Passatempo para esquecer

4,5

De vez em quando o circuito é invadido por experiências banais. Como estamos eternamente em compasso de espera em relação a algum grande acontecimento real das telas (atualmente ele atende por High Life, a mais recente obra de Claire Denis), fica difícil encontrar explicação pra estreia e comercialização de um longa como esse dirigido por Allan Mauduit. Não por lhe faltar qualidades, se trata de uma diversão ligeira e violenta - mas menos do que se vende, em ambos os quesitos - protagonizado por três atrizes seguras e talentosas, que estão ali com o pé nas costas. Mas a experiência não passa disso, como se Quentin Tarantino tivesse um contrato a cumprir e precisasse entregar um produto o mais rápido possível. Com pressa e sem tempo para elaborar uma caprichada mise-en-scene, o que vemos na tela é mais ou menos isso, uma versão 'de bolso' de um produto que os irmãos Coen fazem há mais de 30 anos.

Na tela, Cecile de France é "aquela ex-miss decadente que volta para morar com a mãe depois de cometer todas as burradas possíveis"; Yolande Moreau é "aquela dona de casa menosprezada e silenciada por marido e filhos, cansada da rotina que a oprime"; Audrey Lamy é "aquela mãe solteira sem qualquer perspectiva, amargurada e debochada com a vida": pronto, é clichê assim mesmo o trio de protagonistas, que não vão além desses traços de personalidade nem conseguem elaborar alguma audácia por estarem encobertas por essas definições rasteiras e pretensões inexistentes. O desenvolvimento da trama também passa longe de qualquer sutileza, quando o chefe das três em uma fábrica de sardinha em lata tenta estuprar a novata vivida por Cecile e depois de encontrar uma bolsa cheia de dinheiro com ele, acidentalmente o matam. Detalhe óbvio que esse é exatamente o dinheiro que as três precisam para mudar suas existências miseráveis. 
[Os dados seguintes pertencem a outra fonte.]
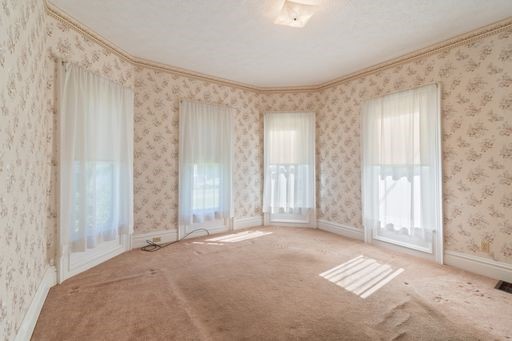 18 High Street Manchester, NY 14548 - Photo 3 of 41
Se nada é muito marcante em Mulheres Armadas, Homens na Lata (apesar de bizarro, esse título em português é das únicas coisas personalizadas do filme), não há muito motivo para jogar pedras no filme, simplesmente porque ele é honesto e não ofende, além de apresentar uma bem-vinda mensagem de sororidade atual. Ainda hoje vemos obras de audiovisual exalando machismo e completamente distante de qualquer padrão aceitável de colocação. Nesse cenário, o filme é uma obra em comunicação com o seu tempo, que celebra a liberdade de escolha feminina e seu compromisso com um certo individualismo que sempre foi celebrado no Homem mas criticado na Mulher. As três personagens tem laços ou obrigações com o universo masculino, e fica claro desde o início que as três quebrarão com esse padrão instituído.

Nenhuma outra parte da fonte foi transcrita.